To calculate useful space in our vdev, we multiply the metaslab size by the metaslab count. This means that space within the ZFS partition but not covered by one of the metaslabs isn’t useful to us and is effectively lost. In theory, by using a smaller ms_shift value, we could recover a bit of this space, but we would end up using a lot more system memory so it’s not really worth it. With 7,333 metaslabs at 16GiB per metaslab, we have:

17179869184 * 7333 = 125979980726272 bytes

That’s about 114.58 TiB of useful space per vdev. If we multiply that by the quantity of vdevs, we get the ZFS pool size:

125979980726272 * 2 = 251959961452544 bytes

We can confirm this by running zpool list:

root@truenas[~]# zpool list -p -o name,size,alloc,free tank
NAME             SIZE    ALLOC             FREE
tank  251959961452544  1437696  251959960014848

The -p flag shows exact (parsable) byte values and the -o flag determines what properties will be displayed.

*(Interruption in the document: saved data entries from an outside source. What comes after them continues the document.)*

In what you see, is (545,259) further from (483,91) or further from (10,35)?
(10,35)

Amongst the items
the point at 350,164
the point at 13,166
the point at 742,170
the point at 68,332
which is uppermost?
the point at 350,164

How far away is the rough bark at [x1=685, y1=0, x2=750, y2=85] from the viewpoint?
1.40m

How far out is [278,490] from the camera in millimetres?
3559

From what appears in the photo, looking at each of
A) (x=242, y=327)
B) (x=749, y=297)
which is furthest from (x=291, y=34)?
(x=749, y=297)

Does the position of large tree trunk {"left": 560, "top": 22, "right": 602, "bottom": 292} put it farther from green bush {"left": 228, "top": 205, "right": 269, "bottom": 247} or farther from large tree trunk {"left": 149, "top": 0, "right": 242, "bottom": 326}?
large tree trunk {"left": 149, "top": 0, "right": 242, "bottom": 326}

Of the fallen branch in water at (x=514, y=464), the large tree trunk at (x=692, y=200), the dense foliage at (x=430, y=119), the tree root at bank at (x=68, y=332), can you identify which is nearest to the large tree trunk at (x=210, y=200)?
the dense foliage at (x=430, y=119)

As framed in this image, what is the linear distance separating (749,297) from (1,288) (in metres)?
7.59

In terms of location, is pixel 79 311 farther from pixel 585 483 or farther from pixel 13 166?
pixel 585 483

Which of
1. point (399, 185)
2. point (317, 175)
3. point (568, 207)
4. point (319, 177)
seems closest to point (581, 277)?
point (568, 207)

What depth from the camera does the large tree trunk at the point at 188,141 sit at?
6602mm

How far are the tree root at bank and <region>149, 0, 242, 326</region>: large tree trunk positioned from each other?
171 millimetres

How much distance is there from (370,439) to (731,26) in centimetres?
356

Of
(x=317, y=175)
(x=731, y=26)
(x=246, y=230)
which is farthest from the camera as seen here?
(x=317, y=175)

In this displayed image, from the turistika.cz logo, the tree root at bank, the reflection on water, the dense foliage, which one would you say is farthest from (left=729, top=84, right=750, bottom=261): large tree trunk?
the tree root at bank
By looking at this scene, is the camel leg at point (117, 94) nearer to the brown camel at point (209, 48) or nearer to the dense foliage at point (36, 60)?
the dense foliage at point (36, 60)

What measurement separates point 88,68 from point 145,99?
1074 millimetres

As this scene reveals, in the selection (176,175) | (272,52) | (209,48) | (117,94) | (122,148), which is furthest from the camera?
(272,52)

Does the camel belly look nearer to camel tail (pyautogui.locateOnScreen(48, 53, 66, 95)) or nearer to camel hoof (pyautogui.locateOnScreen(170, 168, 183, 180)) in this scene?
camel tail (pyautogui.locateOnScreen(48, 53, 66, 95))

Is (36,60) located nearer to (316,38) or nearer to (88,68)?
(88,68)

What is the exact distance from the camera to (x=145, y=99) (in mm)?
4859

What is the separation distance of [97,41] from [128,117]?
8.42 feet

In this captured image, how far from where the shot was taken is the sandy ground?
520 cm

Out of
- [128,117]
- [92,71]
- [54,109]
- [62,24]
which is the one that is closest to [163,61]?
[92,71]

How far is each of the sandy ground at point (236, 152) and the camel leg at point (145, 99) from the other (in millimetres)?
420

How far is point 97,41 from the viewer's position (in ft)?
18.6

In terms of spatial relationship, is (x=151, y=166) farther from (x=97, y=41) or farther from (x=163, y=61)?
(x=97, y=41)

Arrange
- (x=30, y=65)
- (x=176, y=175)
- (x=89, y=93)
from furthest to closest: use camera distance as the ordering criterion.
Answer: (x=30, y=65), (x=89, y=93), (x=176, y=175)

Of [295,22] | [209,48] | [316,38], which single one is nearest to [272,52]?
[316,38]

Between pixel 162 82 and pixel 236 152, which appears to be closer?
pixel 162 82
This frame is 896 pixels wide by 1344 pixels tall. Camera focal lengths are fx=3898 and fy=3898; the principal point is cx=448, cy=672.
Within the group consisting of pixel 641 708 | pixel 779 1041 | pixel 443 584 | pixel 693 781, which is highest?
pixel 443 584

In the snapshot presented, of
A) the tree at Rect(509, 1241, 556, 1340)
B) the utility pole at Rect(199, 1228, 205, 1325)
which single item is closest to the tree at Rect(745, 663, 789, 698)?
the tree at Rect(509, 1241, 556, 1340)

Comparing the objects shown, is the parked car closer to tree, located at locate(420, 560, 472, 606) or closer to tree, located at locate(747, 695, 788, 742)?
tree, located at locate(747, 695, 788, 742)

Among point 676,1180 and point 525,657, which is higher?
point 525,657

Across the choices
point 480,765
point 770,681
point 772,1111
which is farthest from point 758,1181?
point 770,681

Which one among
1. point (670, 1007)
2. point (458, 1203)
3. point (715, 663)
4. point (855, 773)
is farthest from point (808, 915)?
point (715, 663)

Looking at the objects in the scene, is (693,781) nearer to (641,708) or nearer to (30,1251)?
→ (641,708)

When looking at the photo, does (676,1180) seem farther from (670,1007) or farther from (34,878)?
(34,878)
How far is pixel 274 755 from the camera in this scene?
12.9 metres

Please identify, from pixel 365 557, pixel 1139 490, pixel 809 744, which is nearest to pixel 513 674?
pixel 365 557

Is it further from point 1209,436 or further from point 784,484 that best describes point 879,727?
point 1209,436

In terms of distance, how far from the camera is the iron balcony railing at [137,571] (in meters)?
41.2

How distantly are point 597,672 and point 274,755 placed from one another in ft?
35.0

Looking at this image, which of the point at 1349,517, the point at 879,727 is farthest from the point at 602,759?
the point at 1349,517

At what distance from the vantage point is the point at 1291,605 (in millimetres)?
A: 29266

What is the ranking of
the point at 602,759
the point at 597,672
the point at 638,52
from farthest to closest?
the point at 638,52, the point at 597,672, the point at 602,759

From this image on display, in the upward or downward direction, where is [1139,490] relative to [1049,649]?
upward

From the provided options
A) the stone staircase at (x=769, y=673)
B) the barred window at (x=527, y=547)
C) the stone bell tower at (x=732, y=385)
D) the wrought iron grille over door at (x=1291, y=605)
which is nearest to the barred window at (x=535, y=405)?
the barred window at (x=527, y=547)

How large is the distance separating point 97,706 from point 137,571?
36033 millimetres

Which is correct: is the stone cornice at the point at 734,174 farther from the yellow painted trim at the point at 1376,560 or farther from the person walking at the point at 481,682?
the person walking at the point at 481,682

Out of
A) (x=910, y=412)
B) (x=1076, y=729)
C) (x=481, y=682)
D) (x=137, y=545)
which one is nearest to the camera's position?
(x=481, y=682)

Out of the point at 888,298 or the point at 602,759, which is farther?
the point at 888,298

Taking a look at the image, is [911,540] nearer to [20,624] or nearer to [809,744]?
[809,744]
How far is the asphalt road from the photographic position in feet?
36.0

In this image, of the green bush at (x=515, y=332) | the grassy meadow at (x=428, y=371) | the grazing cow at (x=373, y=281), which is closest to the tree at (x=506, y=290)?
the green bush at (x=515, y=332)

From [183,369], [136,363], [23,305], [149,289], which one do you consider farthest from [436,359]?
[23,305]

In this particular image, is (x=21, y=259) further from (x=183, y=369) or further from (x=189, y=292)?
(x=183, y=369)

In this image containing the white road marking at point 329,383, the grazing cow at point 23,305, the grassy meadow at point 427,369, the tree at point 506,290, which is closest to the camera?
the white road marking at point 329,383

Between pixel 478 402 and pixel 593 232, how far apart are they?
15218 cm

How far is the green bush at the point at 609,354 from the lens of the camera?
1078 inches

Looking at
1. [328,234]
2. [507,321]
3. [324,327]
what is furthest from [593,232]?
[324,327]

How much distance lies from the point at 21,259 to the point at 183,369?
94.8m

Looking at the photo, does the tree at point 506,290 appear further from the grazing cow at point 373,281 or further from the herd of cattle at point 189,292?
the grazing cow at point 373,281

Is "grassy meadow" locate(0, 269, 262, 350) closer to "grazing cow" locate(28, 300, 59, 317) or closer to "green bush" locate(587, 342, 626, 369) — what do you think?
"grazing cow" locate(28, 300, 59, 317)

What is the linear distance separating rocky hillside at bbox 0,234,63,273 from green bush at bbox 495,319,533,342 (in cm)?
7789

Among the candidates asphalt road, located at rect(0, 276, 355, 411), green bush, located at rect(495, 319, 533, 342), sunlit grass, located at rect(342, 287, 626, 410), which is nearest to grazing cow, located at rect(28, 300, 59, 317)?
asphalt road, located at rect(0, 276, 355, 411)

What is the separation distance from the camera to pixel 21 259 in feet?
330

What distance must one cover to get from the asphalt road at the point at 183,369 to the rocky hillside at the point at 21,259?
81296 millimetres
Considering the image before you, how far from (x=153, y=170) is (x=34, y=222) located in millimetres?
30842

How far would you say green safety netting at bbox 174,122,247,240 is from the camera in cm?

Note that the zpool SIZE value matches what we calculated above. We’re going to set this number aside for now and calculate RAIDZ parity and padding. Before we proceed, it will be helpful to review a few ZFS basics including ashift, minimum block size, how partial-stripe writes work, and the ZFS recordsize value.

Hard disks and SSDs divide their space into tiny logical storage buckets called “sectors”. A sector is usually 4KiB but could be 512 bytes on older hard drives or 8KiB on some SSDs. A sector represents the smallest read or write a disk can do in a single operation. ZFS tracks disks’ sector size as the “ashift” where 2^ashift = sector size (so ashift = 9 for 512 byte sectors, 12 for 4KiB sectors, 13 for 8KiB sectors, etc.).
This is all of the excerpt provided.